Lots and lots of spices - too many to list. Check your local health food store in the bulk spice section - spices are a fraction of the cost of even the cheapest store-bought jarred spices. This should also include garlic, a staple in our house. (There are 65 heads of garlic about 6" tall in my garden right now. This pleases me.) And we used organic, unrefined sea salt in cooking, baking, and at the table.

In the baking cupboard:
Baking powder (aluminum free)
Baking soda
Cocoa powder
Yeast (in the freezer)
Cream of tartar
Need to buy arrowroot to experiment with.
Brown sugar (hoping to run out so I can try making it.)
Powdered sugar (to mix with the shortening twice a year for frosting.)

In the fridge:
dijon mustard
regular mustard
naturally fermented soy sauce
ketchup (Heinz. I'm waiting to run out so I can make some from scratch.)
Worcestershire sauce (because we love it on steak, and I haven't found a reasonable healthy replacement for it yet. And with two elk and a deer in the freezer, we eat a lot of steak.)

Dried coconut
Dried fruit/berry mix (my kids think these are fruit snacks. Please don't tell them otherwise.)
Dates (a favorite snack, also good in oatmeal, granola or baked in cookies or muffins.)

What isn't comprised of vegetables, fruits and meats is comprised of almost entirely the above ingredients.
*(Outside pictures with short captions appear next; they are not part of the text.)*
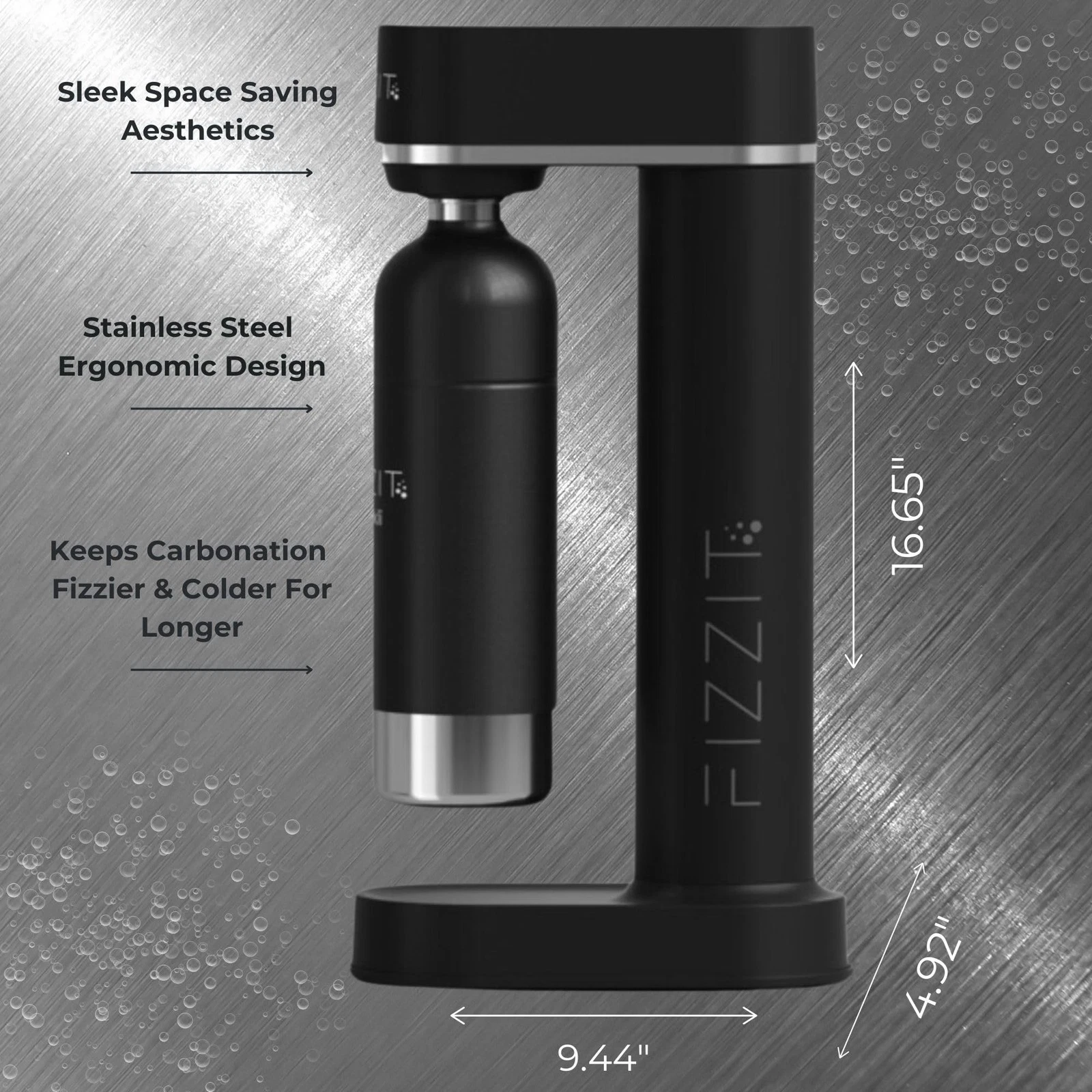 FIZZIT Sparkling Water and Soda Maker - Thumbnail 3
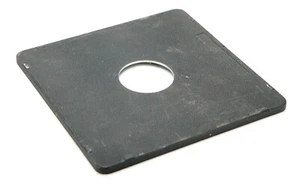 Toyo-View & Omega Original Lens Board 158x158mm For Copal #1 With Hole 43mm. Ex. - Picture 1 of 2
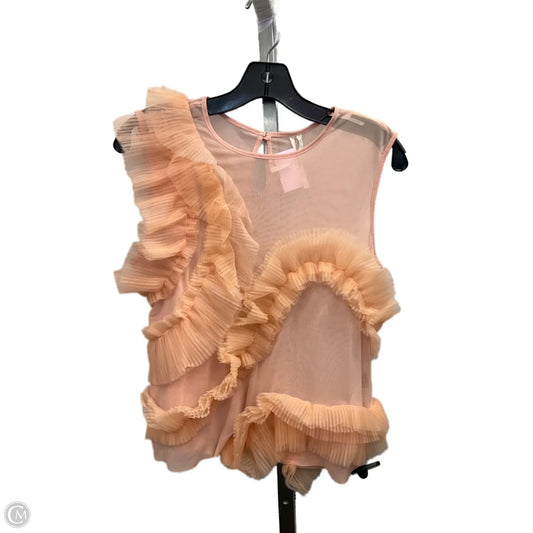 Top Sleeveless By Anthropologie In Pink, Size: S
That seems like an incredibly long list, but it's not unbearable. As I run out of those staples, I jot them down on the list on the fridge so I know to replace them. If I get down to less than three sacks of flour, I start to panic. I keep a back stock of some of those things in the linen closet-turned pantry in our bedroom. If I find something on sale that won't expire, I buy as much as I can feasibly store. A big part of healthier eating though, is eating foods that *do expire. It's a hard thing to overcome after years of being raised on food that's so smothered in preservatives that it could never go stale or rot.
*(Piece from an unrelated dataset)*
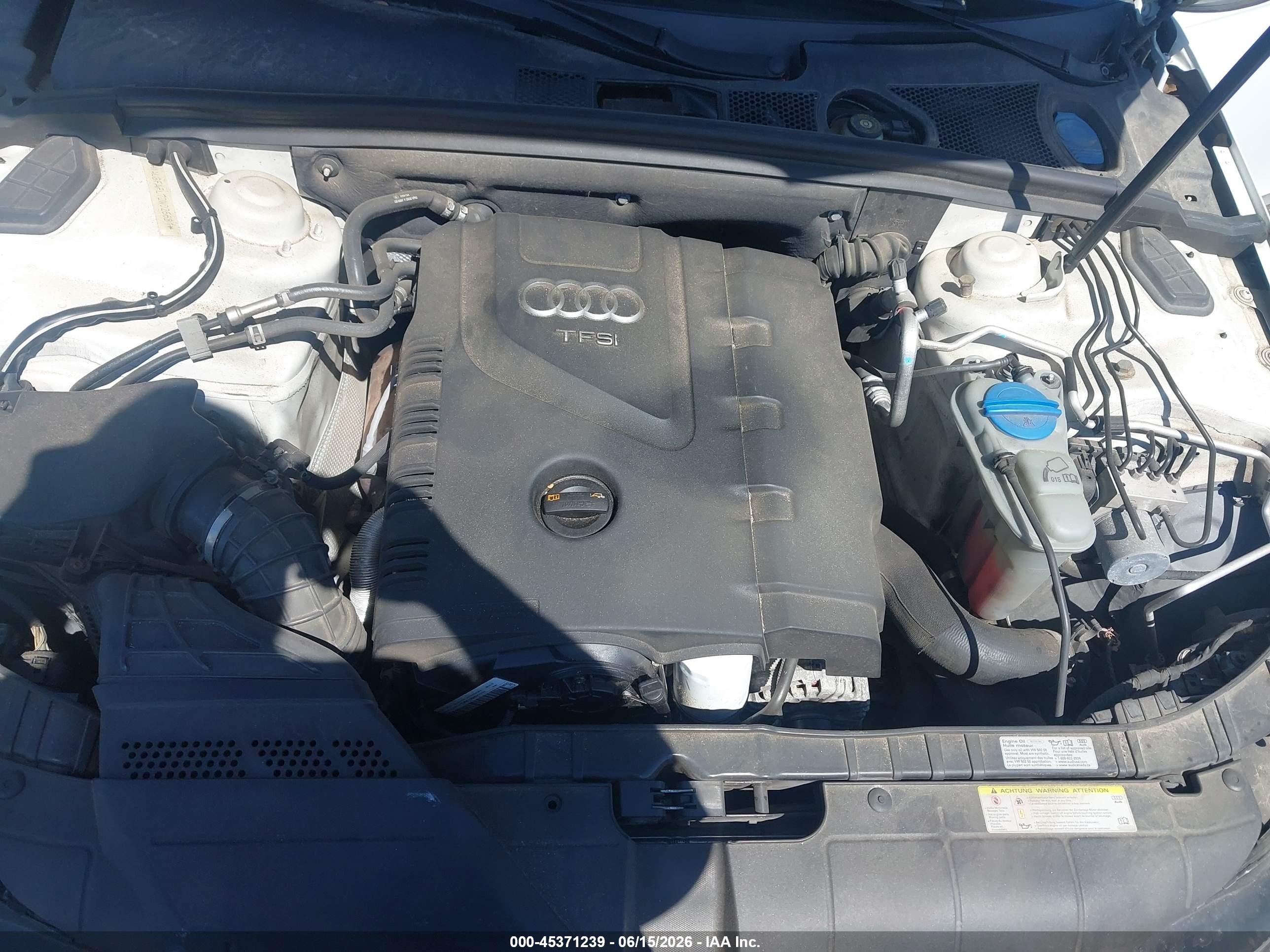 2013 Audi A4 2.0t Premium Белый vin: WAUBFAFL7DN026681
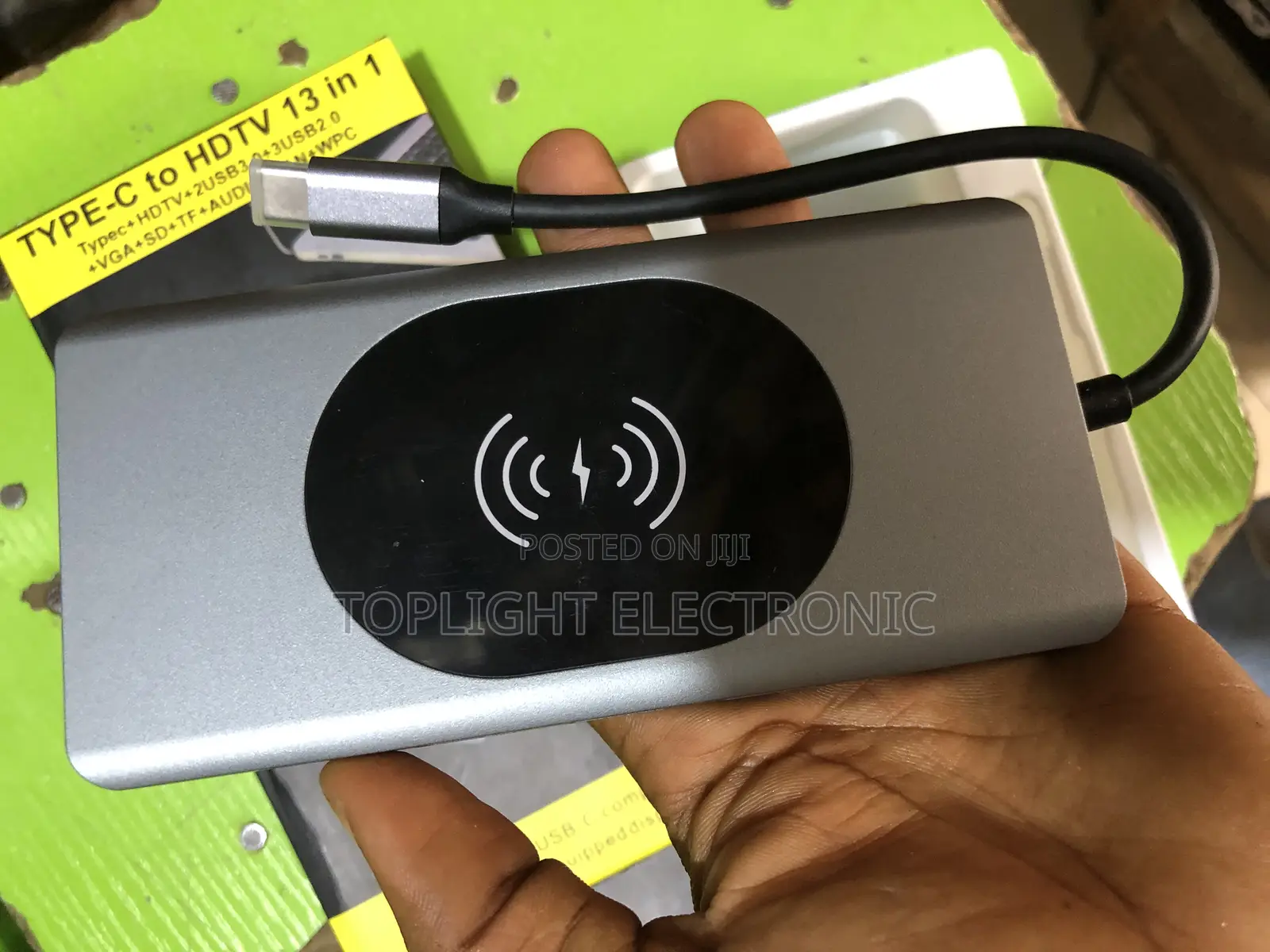 Type C to HDTV 13 in 1 With Wireless Charging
There are still random things in the pantry that I didn't include in this list because they're things that have been there a long time, and that I won't be replacing. Things like that long-forgotten can of cream of chicken soup that keeps getting shoved to the back of the cupboard. Or the hoisin sauce in the fridge that I bought for a recipe one time. The above list is just the basics, the things I use often and keep buying more of as they run out.

So is there anything great that I'm missing out on? Would love to hear some suggestions on other things to add to the list!


Dani said...

I have a question. Do you have anything stored in the event that you have an emergency? Like, easy to throw together stuff if you don't have electric or can't use your stove of whatever? I'm just curious. I don't keep processed foods in the house either, but I'm wondering if I should keep a small box of it in the back of the cabinets in the event that we aren't able to cook like normal.

Julie said...

Hmm. We don't really have the usual "emergency foods" like vienna sausages and granola bars. Much of what we have in our pantry (rice, grains, oatmeal, etc.) could be easily cooked in a pot of boiling water, which we'd have access to either on the grill, a fire in our fire pit, or our camp stoves. And a lot of it - like dried fruits, nuts, granola, etc. can be eaten as is.
Losing electricity is pretty rare around here, and it's never lasted longer than half an hour or so. Thankfully I've had enough experience cooking dinner on a campfire, and we've got all the supplies we'd need for that. And there are usually enough breads, muffins, cookies, etc. on hand to keep us satiated for a time.
Good question - one I've been tossing around a bit for awhile since much of our food is perishable now.
There are also enough home-canned goods in the pantry that we could use those to help supplement our meals - fruits, sauces and jams, etc.
I might have to turn this into a blog subject, thanks Dani!